The invention relates to electrical circuits for driving individual picture elements of an electronic display, particularly, an Organic Light Emitting Device (OLED) display.
Organic light emitting devices have been known for approximately two decades. OLEDs work on certain general principles. An OLED is typically a laminate formed on a substrate such as soda-lime glass or silicon. A light-emitting layer of a luminescent organic solid, as well as adjacent semiconductor layers, are sandwiched between a cathode and an anode. The light-emitting layer may be selected from any of a multitude of luminescent organic solids, and may consist of multiple sublayers or a single blended layer of such material. The cathode may be constructed of a low work function material while the anode may be constructed from a high work function material. Either the OLED anode or the cathode (or both) should be transparent in order to allow the emitted light to pass through to the viewer. The semiconductor layers may include hole-injecting or electron-injecting layers.
When a potential difference is applied across the device (from cathode to anode), negatively charged electrons move from the cathode to the electron-injecting layer and finally into the layer(s) of organic material. At the same time positive charges, typically referred to as holes, move from the anode to the hole-injecting layer and finally into the same organic light-emitting layer(s). When the positive and negative charges meet in the organic material, they produce photons.
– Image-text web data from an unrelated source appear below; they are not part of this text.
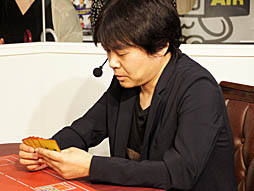 画像ギャラリー No.019のサムネイル画像 / 優勝はプロ棋士の藤井 猛選手。ウメハラ選手や岡本信彦さんなど,各界の有名人が集まった「ポケモンカード ミュウツーHR争奪戦」の模様をお届け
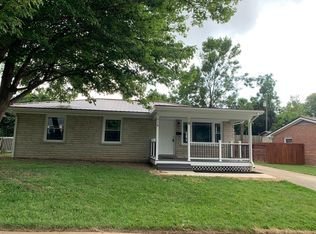 518 Folkstone Dr, Lexington, KY 40517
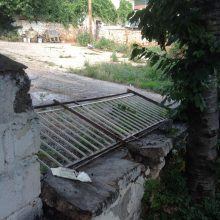 image-298772 kozan.gr: Ανησυχία σε κατοίκους στο Δρυόβουνο Βοΐου μετά την επιδρομή αρκούδας σε τυροκομείο και σπίτι του χωριού – Ξήλωσε κάγκελα και πόρτα από το σπίτι (Φωτογραφίες)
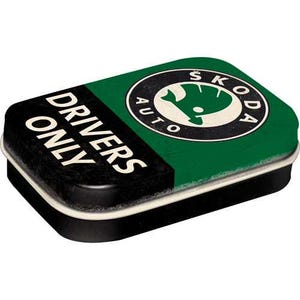 Peut inclure: Une boîte métallique rectangulaire aux coins arrondis avec un design vert et noir. La surface supérieure affiche le texte DRIVERS ONLY en lettres capitales blanches et un logo circulaire avec le texte ŠKODA AUTO et un graphique d'aile.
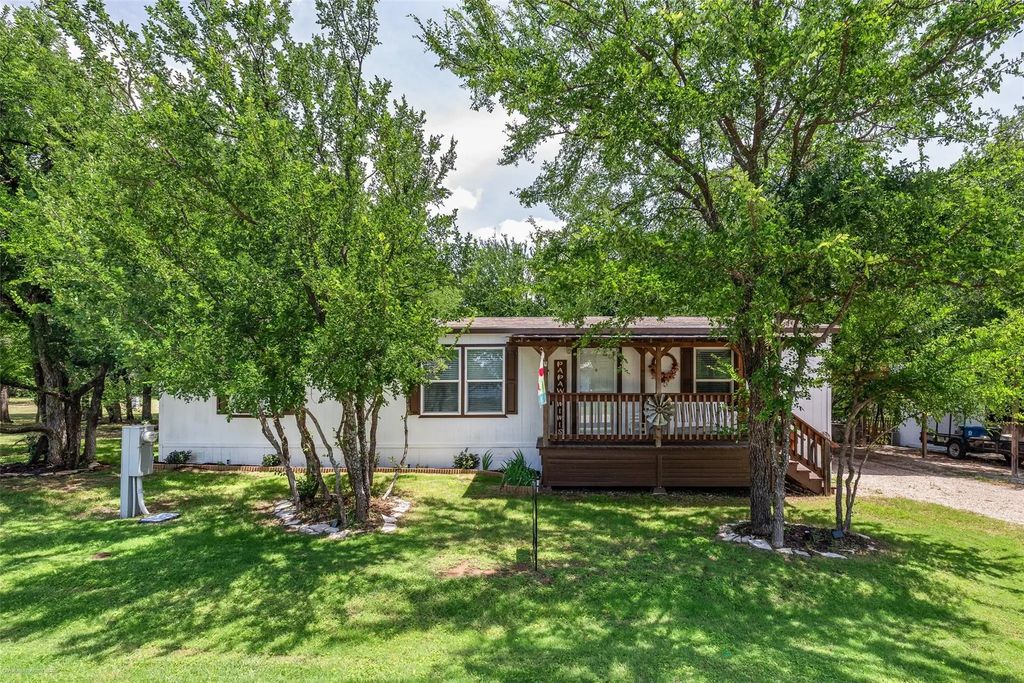 3119 Brazos River Drive, Granbury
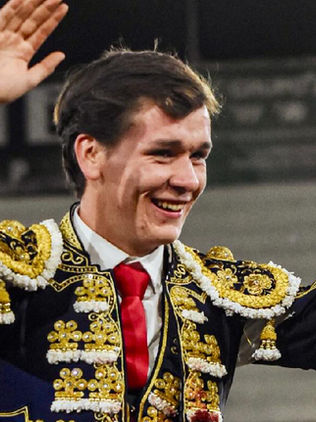 Triunfa Axel López en la novillada en León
The wave length—and consequently the color—of the photons depends on the material properties of the organic material in which the photons are generated. The color of light emitted from the OLED can be controlled by the selection of the organic material, or by the selection of dopants, or by other techniques known in the art. Different colored light may be generated by mixing the emitted light from different OLEDs. For example, white light may be produced by mixing the light from blue, red, and yellow OLEDs simultaneously.
In a matrix-addressed OLED device, numerous individual OLEDs may be formed on a single substrate and arranged in groups in a grid pattern. Several OLED groups forming a column of the grid may share a common cathode, or cathode line. Several OLED groups forming a row of the grid may share a common anode, or anode line. The individual OLEDs in a given group emit light when their cathode line and anode line are activated at the same time. A group of OLEDs within the matrix may form one pixel in a display, with each OLED usually serving as one subpixel or pixel cell.
OLEDs have a number of beneficial characteristics. These include: a low activation voltage (about 5 volts); fast response when formed with a thin light-emitting layer; high brightness in proportion to the injected electric current; high visibility due to self-emission; superior impact resistance; and ease of handling. OLEDs have practical application in television, graphic display systems, and digital printing. Although substantial progress has been made in the development of OLEDs to date, additional challenges remain.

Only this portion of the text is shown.